Ich fragte mich oft, für was genau sie gedacht ist?

a ) Ist sie nur dafür gedacht, dass das Personal bei Bedarf den kompletten Zug durchlaufen kann, z.B. wenn mehrere Einheiten zusammengekoppelt sind?

b ) Oder ist es als Notausgang für die Passagiere gedacht, falls die U-Bahn in einem sehr engen Tunnel (z.B. Londoner Underground "Tube") steckenbleibt, wo keine Möglichkeit besteht, seitlich auszusteigen?

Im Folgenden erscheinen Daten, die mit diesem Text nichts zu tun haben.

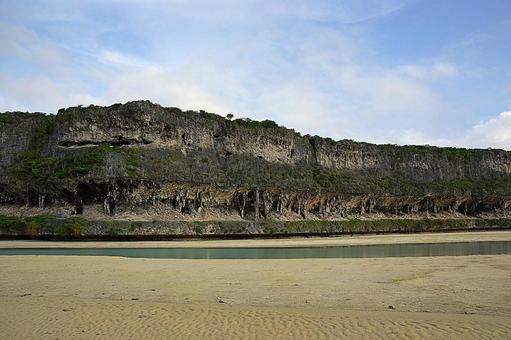 ニューカレドニア518 レキンの断崖 ニューカレドニア518 レキンの断崖 の写真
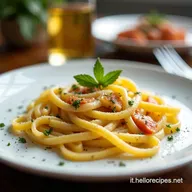 Tagliatelle ai Finferli da Chef Ricette con funghi finferli top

oder c ) für beides gedacht?


Ich frage mich auch weiterhin , falls a ) zutrifft, warum haben dann viele Ubahnen wie z.B. die Münchner-U-Bahn oder Wiener U-Bahn KEINE Türen im Führerstand stirnseitig, obwohl auch hier Einheiten zusammengekoppelt werden und somit das Personal sicher hin und wieder den ganzen Zug mal durchlaufen muss?
Und warum besitzt die neue Berliner Baureihe "H" dagegen wieder eine Tür, obwohl der Zug schon auf voller Länge durchgängig ist und daher damit gerechnet werden kann, dass im Betrieb niemals 2 solche Einheiten zusammengekoppelt werden?

Wenn b ) zutrifft, warum hat z.B. die Pariser Metro ebenfalls keine Türen? Als eine der ältesten Metros Europas wird sie sicherlich auch enge Tunnels haben, wo ein seitlicher Ausstieg im Tunnel kaum möglich sein wird, oder?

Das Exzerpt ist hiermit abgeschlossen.